Java String Concatenation and Performance

The quick and dirty way to concatenate strings in Java is to use the concatenation operator (+). This will yield a reasonable performance if you need to combine two or three strings (fixed-size). But if you want to concatenate n strings in a loop, the performance degrades in multiples of n. Given that String is immutable, for large number of string concatenation operations, using (+) will give us a worst performance. But how bad ? How StringBuffer, StringBuilder or String.concat() performs if we put them on a performance test ?. This article will try to answer those questions.

We will be using Perf4J to calculate the performance, since this library will give us aggregated performance statistics like mean, minimum, maximum, standard deviation over a set time span. In the code, we will concatenate a string (*) repeatedly 50,000 times and this iteration will be performed 21 times so that we can get a good standard deviation. The following methods will be used to concatenate strings.

And finally we will look at the byte code to see how each of these operations perform. Let’s start building the class. Note that each of the block in the code should be wrapped around the Perf4J library to calculate the performance in each iteration. Let’s define the outer and inner iterations first.

private static final int OUTER_ITERATION=20;
private static final int INNER_ITERATION=50000;

Now let’s implement each of the four methods mentioned in the article. Nothing fancy here, plain implementations of (+), String.concat(), StringBuffer.append() & StringBuilder.append().

String addTestStr = "";
String concatTestStr = "";
StringBuffer concatTestSb = null;
StringBuilder concatTestSbu = null;

for (int outerIndex=0;outerIndex<=OUTER_ITERATION;outerIndex++) {
    StopWatch stopWatch = new LoggingStopWatch("StringAddConcat");
    addTestStr = "";
    for (int innerIndex=0;innerIndex<=INNER_ITERATION;innerIndex++)
        addTestStr += "*";
    stopWatch.stop();
}

for (int outerIndex=0;outerIndex<=OUTER_ITERATION;outerIndex++) {
    StopWatch stopWatch = new LoggingStopWatch("StringConcat");
    concatTestStr = "";
    for (int innerIndex=0;innerIndex<=INNER_ITERATION;innerIndex++)
        concatTestStr = concatTestStr.concat("*");
    stopWatch.stop();
}

for (int outerIndex=0;outerIndex<=OUTER_ITERATION;outerIndex++) {
    StopWatch stopWatch = new LoggingStopWatch("StringBufferConcat");
    concatTestSb = new StringBuffer();
    for (int innerIndex=0;innerIndex<=INNER_ITERATION;innerIndex++)
        concatTestSb.append("*");
    stopWatch.stop();
}

for (int outerIndex=0;outerIndex<=OUTER_ITERATION;outerIndex++) {
    StopWatch stopWatch = new LoggingStopWatch("StringBuilderConcat");
    concatTestSbu = new StringBuilder();
    for (int innerIndex=0;innerIndex<=INNER_ITERATION;innerIndex++)
        concatTestSbu.append("*");
    stopWatch.stop();
}

Let’s run this program and generate the performance metrics.
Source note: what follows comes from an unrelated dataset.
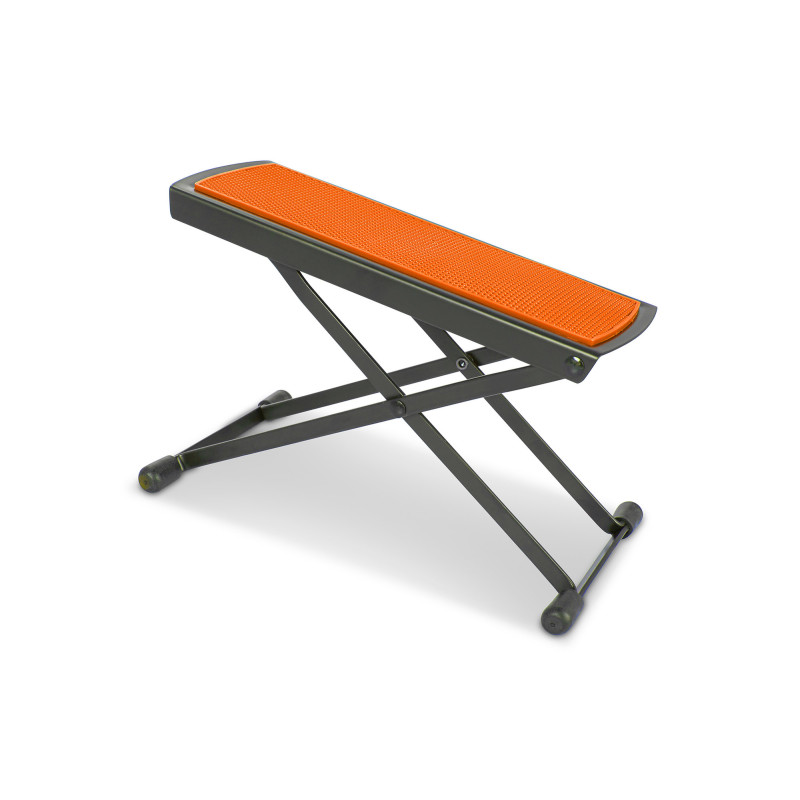 Gewa FS-10OR Banquillo de Pie Naranja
I ran this program in a 64-bit OS (Windows 7), 32-bit JVM (7-ea), Core 2 Quad CPU (2.00 GHz) with 4 GB RAM.

The output from the 21 iterations of the program is plotted below.

Well, the results are pretty conclusive and as expected. One interesting point to notice is how better String.concat performs. We all know String is immutable, then how the performance of concat is better. To answer the question we should look at the byte code. I have included the whole byte code in the download package, but let’s have a look at the below snippet.
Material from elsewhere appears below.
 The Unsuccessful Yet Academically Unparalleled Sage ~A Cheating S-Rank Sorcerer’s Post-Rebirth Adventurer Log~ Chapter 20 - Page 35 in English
45: new #7; //class java/lang/StringBuilder
48: dup
49: invokespecial #8; //Method java/lang/StringBuilder."<init>":()V
52: aload_1
53: invokevirtual #9; //Method java/lang/StringBuilder.append:
    (Ljava/lang/String;)Ljava/lang/StringBuilder;
56: ldc #10; //String *
58: invokevirtual #9; //Method java/lang/StringBuilder.append:
    (Ljava/lang/String;)Ljava/lang/StringBuilder;
61: invokevirtual #11; //Method java/lang/StringBuilder.toString:()
    Ljava/lang/String;
64: astore_1

This is the byte code for String.concat(), and its clear from this that the String.concat is using StringBuilder for concatenation and the performance should be as good as String Builder. But given that the source object being used is String, we do have some performance loss in String.concat.

So for the simple operations we should use String.concat compared to (+), if we don’t want to create a new instance of StringBuffer/Builder. But for huge operations, we shouldn’t be using the concat operator, as seen in the performance results it will bring down the application to its knees and spike up the CPU utilization. To have the best performance, the clear choice is StringBuilder as long as you do not need thread-safety or synchronization.

Full source of this application is available in my github page.

Recursive File Tree Traversing in Java using NIO.2

In my previous article about NIO.2, we have seen how to implement a service which monitors a directory recursively for any changes. In this article we will look at another improvement in JDK7 (NIO.2) called FileWatcher. This will allow us to implement a search or index. For example, we can find all the $some_pattern$ files in a given directory recursively and (or) delete / copy all the all the $some_pattern$ files in a file system. In a nutshell FileWatcher will get us a list of files from a file system based on a pattern which can be processed based on our requirement.

The FileVistor is an interface and our class should implement it. We have two methods before the traversal starts at the directory level & file level, and one method after the traversal is complete, which can be used for clean up or post processing. The important points from the interface is given in the below diagram.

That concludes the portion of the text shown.